Extracted data entries:

*** Block opens ***

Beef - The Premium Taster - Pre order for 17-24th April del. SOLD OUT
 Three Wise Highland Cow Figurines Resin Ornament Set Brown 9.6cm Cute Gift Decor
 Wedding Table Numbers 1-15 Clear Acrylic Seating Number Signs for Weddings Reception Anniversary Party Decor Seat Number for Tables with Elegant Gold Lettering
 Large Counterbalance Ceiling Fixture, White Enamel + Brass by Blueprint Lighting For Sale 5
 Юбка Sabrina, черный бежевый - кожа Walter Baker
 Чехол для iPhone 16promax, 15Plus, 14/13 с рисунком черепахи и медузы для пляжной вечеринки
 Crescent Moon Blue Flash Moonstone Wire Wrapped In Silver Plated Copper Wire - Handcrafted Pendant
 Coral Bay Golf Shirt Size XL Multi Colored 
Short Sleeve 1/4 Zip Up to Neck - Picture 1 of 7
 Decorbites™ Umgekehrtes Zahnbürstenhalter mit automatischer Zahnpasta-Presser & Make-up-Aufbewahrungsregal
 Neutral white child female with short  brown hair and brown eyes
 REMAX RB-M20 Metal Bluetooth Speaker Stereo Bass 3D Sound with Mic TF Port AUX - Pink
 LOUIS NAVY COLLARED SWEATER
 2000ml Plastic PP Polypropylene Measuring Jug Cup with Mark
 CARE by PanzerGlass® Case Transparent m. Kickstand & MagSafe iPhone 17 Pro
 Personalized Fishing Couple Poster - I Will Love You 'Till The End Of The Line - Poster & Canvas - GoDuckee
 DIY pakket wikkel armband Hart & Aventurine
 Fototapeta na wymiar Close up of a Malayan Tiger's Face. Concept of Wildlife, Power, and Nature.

*** Block closes ***

WHAT THE TASK REQUIRES: For the lines above, output exactly those from the line containing "CARE by PanzerGlass®" through the line containing "DIY pakket wikkel armband Hart & Aventurine", and skip the others.

WORKED SOLUTION:
 CARE by PanzerGlass® Case Transparent m. Kickstand & MagSafe iPhone 17 Pro
 Personalized Fishing Couple Poster - I Will Love You 'Till The End Of The Line - Poster & Canvas - GoDuckee
 DIY pakket wikkel armband Hart & Aventurine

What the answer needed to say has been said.